- What is required
Report each line of the entries below that includes "Blanket".

- Excerpted data
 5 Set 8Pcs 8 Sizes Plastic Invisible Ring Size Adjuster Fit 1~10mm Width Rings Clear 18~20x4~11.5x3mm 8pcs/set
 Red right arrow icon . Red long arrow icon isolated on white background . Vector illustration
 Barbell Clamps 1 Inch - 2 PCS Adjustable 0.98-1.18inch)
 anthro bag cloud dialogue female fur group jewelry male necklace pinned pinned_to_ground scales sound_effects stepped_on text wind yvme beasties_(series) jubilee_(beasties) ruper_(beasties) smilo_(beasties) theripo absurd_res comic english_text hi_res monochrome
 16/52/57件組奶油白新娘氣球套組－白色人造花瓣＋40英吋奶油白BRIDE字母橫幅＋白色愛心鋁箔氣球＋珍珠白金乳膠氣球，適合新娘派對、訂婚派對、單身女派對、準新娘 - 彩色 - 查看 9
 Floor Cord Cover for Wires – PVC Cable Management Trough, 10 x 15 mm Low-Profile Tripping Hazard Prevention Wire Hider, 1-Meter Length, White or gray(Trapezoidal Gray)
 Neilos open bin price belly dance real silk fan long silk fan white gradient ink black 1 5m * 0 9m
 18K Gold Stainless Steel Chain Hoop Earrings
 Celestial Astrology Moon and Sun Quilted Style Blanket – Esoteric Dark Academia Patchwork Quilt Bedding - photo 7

---

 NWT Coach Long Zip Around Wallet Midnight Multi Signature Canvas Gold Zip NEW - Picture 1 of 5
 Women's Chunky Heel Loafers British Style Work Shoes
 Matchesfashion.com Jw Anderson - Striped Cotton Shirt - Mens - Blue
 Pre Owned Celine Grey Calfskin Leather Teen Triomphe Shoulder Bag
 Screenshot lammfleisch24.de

* * *

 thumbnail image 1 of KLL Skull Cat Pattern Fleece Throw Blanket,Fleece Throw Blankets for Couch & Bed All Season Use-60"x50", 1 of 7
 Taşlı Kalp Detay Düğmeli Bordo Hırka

- Response to this task
 Celestial Astrology Moon and Sun Quilted Style Blanket – Esoteric Dark Academia Patchwork Quilt Bedding - photo 7
 thumbnail image 1 of KLL Skull Cat Pattern Fleece Throw Blanket,Fleece Throw Blankets for Couch & Bed All Season Use-60"x50", 1 of 7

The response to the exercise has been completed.